Policosanoli: sono alcoli a lunga catena estratti prevalentemente dalla canna da zucchero. Ai policosanoli si attribuirebbero proprietà simili alle statine, perché ridurrebbero l’enzima idrossimetilglutaril CoA del 50% a dosi di 10-20 mg. E’ inoltre riconosciuta attività antiaggregante piastrinica. Per questo motivo il suo utilizzo è controindicato in gravidanza e in soggetti con disturbi della coagulazione. Ad oggi, non esistono claims specifici per i prodotti a base di policosanoli da parte dell’Efsa (Autorità europea per la sicurezza alimentare);

Riso rosso fermentato: è ottenuto dalla fermentazione del riso da cucina ad opera di un lievito, il Monascus. Attraverso l’attività metabolica il lievito rilascia dei metaboliti, tra cui la monacolina K, la cui struttura e attività è simile a quella delle statine. Infatti, la monacolina K blocca la sintesi del colesterolo per inibizione idrossimetilglutaril CoA. Per questo motivo il riso rosso è commercializzato come integratore ipocolesterolemizzante; la sua attività si è rivelata analoga a quella della lovastatina, precursore delle statine, probabilmente per merito del fitocomplesso prodotto dal Monascus. Per la similarità strutturale e farmacologica, i prodotti a base di monacolina K possono indurre gli stessi effetti collaterali delle statine, come i dolori muscolari dovuti alla lisi delle cellule muscolari; per questo motivo è opportuno che gli integratori contengano il coenzima Q10 che protegge dal danno ossidativo esplicato dalla monacolina K.

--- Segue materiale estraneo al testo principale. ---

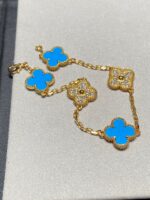 [Eternal Jewelry]CLOVER 5 MOTIF BLUE CHALCEDONY DIAMOND GOLD BRACELET - Image 10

Berberina: è un alcaloide presente nella radice delle piante della famiglia Berberis. La sua azione ipolipemizzante è attribuita alla sua capacità di indurre l’espressione di recettori per le LDL sulla membrana delle cellule del fegato, migliorando la captazione del colesterolo. Per quanto la berberina risulti sicura dal punto di vista tossicologico e farmacologico, la sua attività è limitata dalla bassa concentrazione a seguito dell’assunzione. Tuttavia, si è visto che la sua biodisponibilità è aumentata grazie all’associazione con la silimarina, presente nel cardo mariano, in questo modo si associa l’attività ipocolesterolemizzante della berberina al detox epatico della silimarina.